Süddeutsche Zeitung

Gaspreisbremse:"Einladung zum Nichtsparen"

Lesezeit: 5 min

Die Bundesregierung will Bürger bei den Gaspreisen entlasten. SZ-Leserinnen und -Leser wollen keine Geschenke, sondern soziale und gerechte Konzepte.

"Ein Preisdeckel schadet nur" vom 7. Oktober, "Der Deckel für den Gaspreis" vom 1./2. Oktober und "Die Heizer kommen" vom 11. Oktober:

Sparsamkeit fördern

Mir leuchtet der Sinn der sogenannten "Gaspreisbremse" nicht ein. Ist unser Hauptproblem nicht, dass zu wenig Erdgas zur Verfügung steht? Die steigenden Preise aufgrund der Angebotsverknappung sind lediglich eine marktwirtschaftlich bedingte Konsequenz. Wenn einer klugen Hausfrau von einem Grundnahrungsmittel nur noch eine überschaubare Menge zur Verfügung steht und Nachschub vorerst nicht in Sicht ist, was macht sie dann? Sie geht sehr sparsam mit dem verbliebenen Rest um.

Die Gaspreisbremse ist eine Einladung zum Energie-Nichtsparen. Wenn die Gasspeicher mitten im eiskalten Winter aufgrund eines zu geringen Sparwillens leer sind, wird sie ihre Wirkung verfehlen. Wer mangels Energienachschub nichts mehr verbrauchen kann und deshalb im Kalten sitzt, der muss sich um die anschließende Rechnung auch keine großen Sorgen machen. Energiesparsamkeit wäre im kommenden Winter das oberste Gebot.
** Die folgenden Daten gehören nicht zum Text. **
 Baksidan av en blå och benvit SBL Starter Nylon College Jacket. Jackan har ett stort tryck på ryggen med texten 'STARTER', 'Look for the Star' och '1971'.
Doch die Politik ist nicht imstande, der Bevölkerung diese höchst dringliche Notwendigkeit ausreichend zu vermitteln. Das Mantra von Bundeskanzler Scholz, dass "wir gut durch den Winter kommen", verleitet eher zur Sorglosigkeit. Jeder Kubikmeter Gas, der in Privathaushalten unnötig verbraucht wird, fehlt am Ende der Wirtschaft und Industrie, die für Arbeitsplätze und damit für Wohlstand sorgt.
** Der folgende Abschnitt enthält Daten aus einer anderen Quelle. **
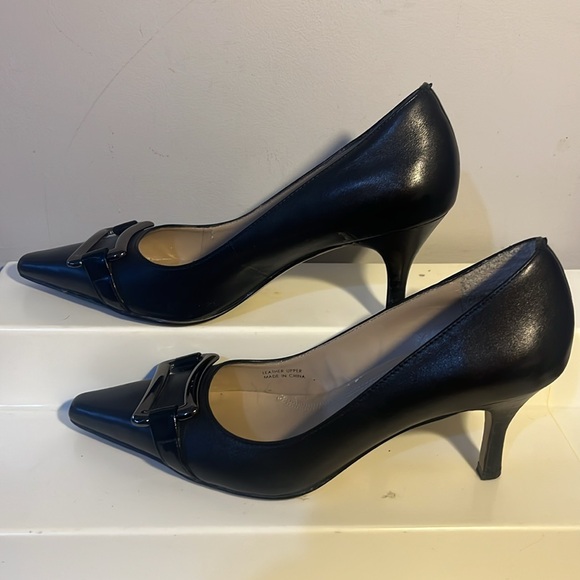 Ellen Tracy Black Leather Pumps with Embellishments!! - Picture 8 of 9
Ich habe keinerlei Verständnis für Leute, die bereits Ende September aufgrund etwas kühlerer Temperaturen ihre Heizung auf 30 Grad aufdrehen. Ein warmer Pullover würde es auch tun. Man kann natürlich von politischer Seite immer mehr Schulden aufnehmen und diese in weiteren Nebenhaushalten verbuchen.
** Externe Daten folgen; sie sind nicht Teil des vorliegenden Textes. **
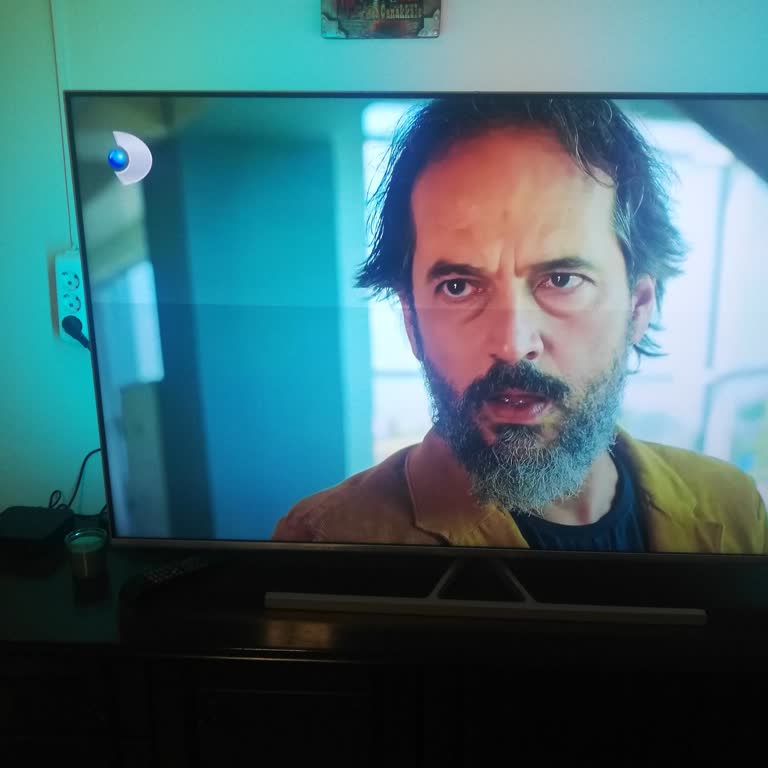 PHILIPS TV TV De Işık Yanma Sönmesi Ve Ekranın Tam Ortasında Yatay Çizgi Arızası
Hat die Bundesregierung nach Corona, Energiekrise und anderen Krisen überhaupt noch einen Überblick über den tatsächlichen Stand der Verschuldung dieses Landes? Irgendwann aber wird die Rechnung präsentiert.

Alfred Kastner, Weiden

Was gerecht wäre

Im Gastbeitrag der drei Vorsitzenden der Kommission Erdgas und Wärme vermisse ich zwei wichtige Begriffe: sozial und gerecht. Als sozial würde ich die staatliche Unterstützung einer Kostensenkung der Gaspreise für die Haushalte der Bürger empfinden. Sollten die Löcher des milliardenschweren, staatlichen Gießkannenbrausekopfes zu groß sein, wird diese Maßnahme nicht als gerecht angesehen, da sie alle Haushalte erreichen soll. Der Anreiz zum Energiesparen rückt dadurch in den Hintergrund, da ja ein Preisdeckel den zu erwartenden Kostendruck auf die Bürger abschwächt.

Gerechter wäre es, wenn nach einer Gaspreisdeckelung für das Jahr 2022 der Preisdeckel für die folgenden Jahre (bis einschließlich 2024) als "Einsparbonus" zum Einsatz kommt. Wer nachweislich weniger Gas oder Strom verbraucht hat, erhält wie bei einer Rabattmarken-Aktion eine Reduzierung seiner Energiekosten. Auf diese Weise wird die staatliche Hilfe dort landen, wo durch Energieeinsparung Haushaltskassen entlastet werden. Wer zum Beispiel seine Sauna oder Schwimmbad weiterhin mit der knapp gewordenen Energie Erdgas betreiben will, sollte nicht mit einer "Gaspreisdeckel-Hängematte" aufgefangen werden. Sozial und gerecht kann nur sein, wenn eine ernsthafte Entlastung der Haushalte nur da ankommt, wo sie auch dringend benötigt wird.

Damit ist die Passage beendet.